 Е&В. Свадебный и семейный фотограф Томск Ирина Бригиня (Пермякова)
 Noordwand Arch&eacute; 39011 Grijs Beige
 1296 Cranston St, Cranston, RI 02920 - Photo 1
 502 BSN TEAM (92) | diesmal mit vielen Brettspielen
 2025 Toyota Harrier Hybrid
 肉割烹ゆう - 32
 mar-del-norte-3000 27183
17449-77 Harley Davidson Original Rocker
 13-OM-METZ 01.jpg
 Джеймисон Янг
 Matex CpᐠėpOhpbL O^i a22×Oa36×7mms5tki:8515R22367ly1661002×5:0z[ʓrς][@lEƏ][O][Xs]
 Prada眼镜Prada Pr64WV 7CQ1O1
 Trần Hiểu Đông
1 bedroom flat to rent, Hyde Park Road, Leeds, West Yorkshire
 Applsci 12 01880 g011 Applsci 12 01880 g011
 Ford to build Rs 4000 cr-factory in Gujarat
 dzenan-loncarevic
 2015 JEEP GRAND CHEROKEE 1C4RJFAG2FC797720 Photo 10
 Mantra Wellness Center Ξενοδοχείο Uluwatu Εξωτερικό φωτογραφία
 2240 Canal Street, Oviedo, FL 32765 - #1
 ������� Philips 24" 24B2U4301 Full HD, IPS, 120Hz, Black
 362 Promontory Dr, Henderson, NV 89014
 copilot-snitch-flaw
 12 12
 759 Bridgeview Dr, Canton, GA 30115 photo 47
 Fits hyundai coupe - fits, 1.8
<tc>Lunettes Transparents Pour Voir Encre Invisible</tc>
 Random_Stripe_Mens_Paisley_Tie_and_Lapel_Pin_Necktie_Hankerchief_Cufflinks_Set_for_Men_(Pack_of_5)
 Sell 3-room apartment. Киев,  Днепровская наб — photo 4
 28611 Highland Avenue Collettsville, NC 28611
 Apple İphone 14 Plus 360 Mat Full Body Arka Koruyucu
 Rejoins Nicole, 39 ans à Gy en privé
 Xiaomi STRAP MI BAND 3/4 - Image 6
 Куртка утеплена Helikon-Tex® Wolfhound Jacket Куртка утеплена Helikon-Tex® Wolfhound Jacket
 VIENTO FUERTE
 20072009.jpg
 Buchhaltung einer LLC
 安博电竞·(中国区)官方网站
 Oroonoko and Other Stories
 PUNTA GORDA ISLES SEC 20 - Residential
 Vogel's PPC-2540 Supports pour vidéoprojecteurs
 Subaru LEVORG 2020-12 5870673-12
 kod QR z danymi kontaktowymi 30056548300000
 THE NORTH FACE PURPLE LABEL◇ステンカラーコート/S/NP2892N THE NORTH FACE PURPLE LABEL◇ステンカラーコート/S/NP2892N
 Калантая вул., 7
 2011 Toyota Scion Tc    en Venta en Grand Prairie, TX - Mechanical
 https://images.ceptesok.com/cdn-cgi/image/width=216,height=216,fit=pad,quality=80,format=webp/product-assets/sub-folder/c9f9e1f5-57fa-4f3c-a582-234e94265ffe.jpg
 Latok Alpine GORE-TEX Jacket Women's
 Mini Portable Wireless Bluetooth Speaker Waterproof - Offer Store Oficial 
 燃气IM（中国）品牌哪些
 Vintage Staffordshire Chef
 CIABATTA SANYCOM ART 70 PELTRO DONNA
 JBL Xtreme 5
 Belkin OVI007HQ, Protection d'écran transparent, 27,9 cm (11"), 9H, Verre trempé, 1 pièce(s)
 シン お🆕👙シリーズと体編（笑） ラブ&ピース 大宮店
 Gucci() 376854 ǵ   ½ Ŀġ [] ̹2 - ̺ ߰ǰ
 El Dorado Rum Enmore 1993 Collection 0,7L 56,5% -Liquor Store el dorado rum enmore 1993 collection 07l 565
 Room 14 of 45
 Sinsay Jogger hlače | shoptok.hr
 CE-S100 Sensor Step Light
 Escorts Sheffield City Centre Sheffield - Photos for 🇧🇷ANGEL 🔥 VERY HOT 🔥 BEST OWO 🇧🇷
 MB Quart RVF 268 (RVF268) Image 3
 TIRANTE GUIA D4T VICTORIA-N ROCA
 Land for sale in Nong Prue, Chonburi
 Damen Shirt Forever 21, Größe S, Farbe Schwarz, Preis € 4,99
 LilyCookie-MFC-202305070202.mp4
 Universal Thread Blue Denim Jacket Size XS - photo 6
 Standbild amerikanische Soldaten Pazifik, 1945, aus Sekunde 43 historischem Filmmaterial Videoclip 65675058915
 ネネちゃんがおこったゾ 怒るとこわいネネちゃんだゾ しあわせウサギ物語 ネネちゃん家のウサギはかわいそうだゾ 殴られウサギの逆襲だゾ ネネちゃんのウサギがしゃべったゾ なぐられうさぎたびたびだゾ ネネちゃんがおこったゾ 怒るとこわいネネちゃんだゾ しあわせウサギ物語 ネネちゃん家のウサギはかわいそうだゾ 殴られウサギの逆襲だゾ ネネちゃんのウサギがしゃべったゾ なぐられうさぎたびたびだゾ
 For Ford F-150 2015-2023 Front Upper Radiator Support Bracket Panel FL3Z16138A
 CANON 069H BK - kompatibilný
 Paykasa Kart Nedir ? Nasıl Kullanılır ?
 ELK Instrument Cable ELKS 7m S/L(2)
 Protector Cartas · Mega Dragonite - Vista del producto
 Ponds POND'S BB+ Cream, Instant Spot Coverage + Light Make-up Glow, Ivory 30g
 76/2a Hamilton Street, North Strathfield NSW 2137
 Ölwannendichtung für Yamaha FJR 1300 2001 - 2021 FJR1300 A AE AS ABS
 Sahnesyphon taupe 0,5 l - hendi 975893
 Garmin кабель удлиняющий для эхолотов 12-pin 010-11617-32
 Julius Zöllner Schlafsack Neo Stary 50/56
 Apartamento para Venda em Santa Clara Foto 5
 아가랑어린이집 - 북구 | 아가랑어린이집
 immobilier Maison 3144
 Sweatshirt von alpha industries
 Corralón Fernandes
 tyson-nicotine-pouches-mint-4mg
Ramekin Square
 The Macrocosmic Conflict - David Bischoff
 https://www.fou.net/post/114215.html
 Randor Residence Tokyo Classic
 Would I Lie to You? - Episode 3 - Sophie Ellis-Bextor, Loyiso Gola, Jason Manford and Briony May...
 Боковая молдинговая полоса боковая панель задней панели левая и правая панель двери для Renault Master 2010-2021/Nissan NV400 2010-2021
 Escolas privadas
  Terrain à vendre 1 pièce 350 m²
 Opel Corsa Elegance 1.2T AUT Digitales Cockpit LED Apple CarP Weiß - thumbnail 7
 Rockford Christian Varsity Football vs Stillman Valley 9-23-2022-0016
■ ■ ■
* [Exercise instructions]: Filter the entries and copy each line with "Apple".

* [Output for this exercise]:
 Apple İphone 14 Plus 360 Mat Full Body Arka Koruyucu
 Opel Corsa Elegance 1.2T AUT Digitales Cockpit LED Apple CarP Weiß - thumbnail 7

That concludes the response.